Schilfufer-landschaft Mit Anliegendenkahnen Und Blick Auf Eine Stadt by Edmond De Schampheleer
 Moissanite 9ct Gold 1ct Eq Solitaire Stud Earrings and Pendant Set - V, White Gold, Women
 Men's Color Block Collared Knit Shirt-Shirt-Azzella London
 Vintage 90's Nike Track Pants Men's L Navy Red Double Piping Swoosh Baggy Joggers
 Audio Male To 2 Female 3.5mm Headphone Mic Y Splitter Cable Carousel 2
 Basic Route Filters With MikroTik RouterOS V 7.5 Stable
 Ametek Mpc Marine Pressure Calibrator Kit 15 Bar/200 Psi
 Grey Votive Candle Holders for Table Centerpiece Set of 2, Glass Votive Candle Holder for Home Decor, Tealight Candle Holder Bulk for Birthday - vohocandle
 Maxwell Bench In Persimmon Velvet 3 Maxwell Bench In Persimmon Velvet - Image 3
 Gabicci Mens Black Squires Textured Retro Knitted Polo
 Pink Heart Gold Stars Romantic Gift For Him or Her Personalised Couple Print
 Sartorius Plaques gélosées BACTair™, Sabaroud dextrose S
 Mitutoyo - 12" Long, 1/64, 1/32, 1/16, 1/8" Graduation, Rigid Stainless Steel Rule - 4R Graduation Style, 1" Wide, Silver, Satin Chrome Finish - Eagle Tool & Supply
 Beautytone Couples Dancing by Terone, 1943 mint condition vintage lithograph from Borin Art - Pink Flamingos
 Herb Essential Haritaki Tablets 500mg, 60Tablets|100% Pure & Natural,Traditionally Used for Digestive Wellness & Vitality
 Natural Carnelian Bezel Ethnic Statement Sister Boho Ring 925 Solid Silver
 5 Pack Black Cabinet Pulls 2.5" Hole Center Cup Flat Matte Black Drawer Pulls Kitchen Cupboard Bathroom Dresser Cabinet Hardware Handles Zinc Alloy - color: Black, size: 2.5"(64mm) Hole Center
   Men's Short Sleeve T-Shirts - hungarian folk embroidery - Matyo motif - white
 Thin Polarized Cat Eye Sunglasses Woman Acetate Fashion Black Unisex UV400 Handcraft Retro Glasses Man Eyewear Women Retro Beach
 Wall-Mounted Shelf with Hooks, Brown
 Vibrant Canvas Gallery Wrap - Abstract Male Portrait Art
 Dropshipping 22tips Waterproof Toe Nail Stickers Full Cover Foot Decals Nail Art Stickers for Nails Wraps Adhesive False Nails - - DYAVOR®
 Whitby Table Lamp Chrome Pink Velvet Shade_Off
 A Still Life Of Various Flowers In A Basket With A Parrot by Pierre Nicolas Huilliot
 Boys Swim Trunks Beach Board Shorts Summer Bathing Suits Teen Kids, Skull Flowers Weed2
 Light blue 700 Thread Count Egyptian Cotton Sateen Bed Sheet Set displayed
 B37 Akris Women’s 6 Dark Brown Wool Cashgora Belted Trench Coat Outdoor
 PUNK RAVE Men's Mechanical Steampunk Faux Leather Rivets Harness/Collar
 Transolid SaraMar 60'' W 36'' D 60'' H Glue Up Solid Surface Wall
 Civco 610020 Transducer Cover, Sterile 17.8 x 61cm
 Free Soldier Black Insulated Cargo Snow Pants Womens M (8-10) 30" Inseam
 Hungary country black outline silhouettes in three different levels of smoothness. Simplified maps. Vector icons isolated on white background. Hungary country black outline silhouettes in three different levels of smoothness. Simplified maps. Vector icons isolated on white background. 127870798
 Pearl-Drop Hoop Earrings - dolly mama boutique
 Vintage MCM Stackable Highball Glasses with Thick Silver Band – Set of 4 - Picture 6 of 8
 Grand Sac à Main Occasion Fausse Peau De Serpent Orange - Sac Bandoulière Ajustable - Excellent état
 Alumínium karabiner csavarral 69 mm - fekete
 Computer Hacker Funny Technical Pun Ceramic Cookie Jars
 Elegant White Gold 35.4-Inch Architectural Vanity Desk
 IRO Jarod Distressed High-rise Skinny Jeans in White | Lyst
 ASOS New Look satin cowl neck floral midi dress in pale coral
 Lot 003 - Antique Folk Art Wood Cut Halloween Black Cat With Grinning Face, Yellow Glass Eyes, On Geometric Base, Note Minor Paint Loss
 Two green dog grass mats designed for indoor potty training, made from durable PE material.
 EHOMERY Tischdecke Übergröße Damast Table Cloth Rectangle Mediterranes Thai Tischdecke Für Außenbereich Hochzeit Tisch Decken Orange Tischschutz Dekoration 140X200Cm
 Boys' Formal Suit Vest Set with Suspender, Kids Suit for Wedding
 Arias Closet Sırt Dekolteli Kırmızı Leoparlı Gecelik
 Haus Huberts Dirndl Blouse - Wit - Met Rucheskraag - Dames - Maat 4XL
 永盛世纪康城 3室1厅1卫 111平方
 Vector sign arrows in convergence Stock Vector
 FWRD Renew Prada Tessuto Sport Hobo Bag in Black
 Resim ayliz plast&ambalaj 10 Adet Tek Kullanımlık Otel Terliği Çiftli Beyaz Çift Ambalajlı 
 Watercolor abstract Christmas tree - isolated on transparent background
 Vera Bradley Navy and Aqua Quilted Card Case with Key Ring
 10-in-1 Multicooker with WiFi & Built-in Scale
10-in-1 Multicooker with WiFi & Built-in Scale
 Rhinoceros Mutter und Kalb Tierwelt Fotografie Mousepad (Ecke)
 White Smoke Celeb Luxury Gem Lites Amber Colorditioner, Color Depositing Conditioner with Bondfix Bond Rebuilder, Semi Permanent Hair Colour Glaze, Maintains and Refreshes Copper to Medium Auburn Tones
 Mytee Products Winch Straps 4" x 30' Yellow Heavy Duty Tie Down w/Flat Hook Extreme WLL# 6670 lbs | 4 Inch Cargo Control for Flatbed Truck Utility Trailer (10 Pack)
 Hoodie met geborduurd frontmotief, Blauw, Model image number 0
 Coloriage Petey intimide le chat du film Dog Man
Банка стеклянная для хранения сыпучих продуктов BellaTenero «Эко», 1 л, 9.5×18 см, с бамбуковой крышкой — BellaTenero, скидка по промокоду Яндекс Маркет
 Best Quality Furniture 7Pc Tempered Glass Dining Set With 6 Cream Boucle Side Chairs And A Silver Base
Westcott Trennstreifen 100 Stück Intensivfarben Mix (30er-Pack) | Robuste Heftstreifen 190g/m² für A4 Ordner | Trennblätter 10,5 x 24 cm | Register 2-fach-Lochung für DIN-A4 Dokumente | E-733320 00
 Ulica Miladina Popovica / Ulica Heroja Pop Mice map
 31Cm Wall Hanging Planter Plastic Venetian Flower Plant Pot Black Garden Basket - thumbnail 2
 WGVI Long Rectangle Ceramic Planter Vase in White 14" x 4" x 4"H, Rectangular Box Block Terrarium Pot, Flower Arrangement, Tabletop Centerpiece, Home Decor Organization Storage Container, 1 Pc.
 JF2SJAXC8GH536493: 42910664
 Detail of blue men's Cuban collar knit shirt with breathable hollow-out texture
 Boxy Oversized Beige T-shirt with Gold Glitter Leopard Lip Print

[To do]: Leave out every line after the one with "Sartorius Plaques gélosées". Reproduce the material above exactly from its first line through that line.

[Written reply]:
Schilfufer-landschaft Mit Anliegendenkahnen Und Blick Auf Eine Stadt by Edmond De Schampheleer
 Moissanite 9ct Gold 1ct Eq Solitaire Stud Earrings and Pendant Set - V, White Gold, Women
 Men's Color Block Collared Knit Shirt-Shirt-Azzella London
 Vintage 90's Nike Track Pants Men's L Navy Red Double Piping Swoosh Baggy Joggers
 Audio Male To 2 Female 3.5mm Headphone Mic Y Splitter Cable Carousel 2
 Basic Route Filters With MikroTik RouterOS V 7.5 Stable
 Ametek Mpc Marine Pressure Calibrator Kit 15 Bar/200 Psi
 Grey Votive Candle Holders for Table Centerpiece Set of 2, Glass Votive Candle Holder for Home Decor, Tealight Candle Holder Bulk for Birthday - vohocandle
 Maxwell Bench In Persimmon Velvet 3 Maxwell Bench In Persimmon Velvet - Image 3
 Gabicci Mens Black Squires Textured Retro Knitted Polo
 Pink Heart Gold Stars Romantic Gift For Him or Her Personalised Couple Print
 Sartorius Plaques gélosées BACTair™, Sabaroud dextrose S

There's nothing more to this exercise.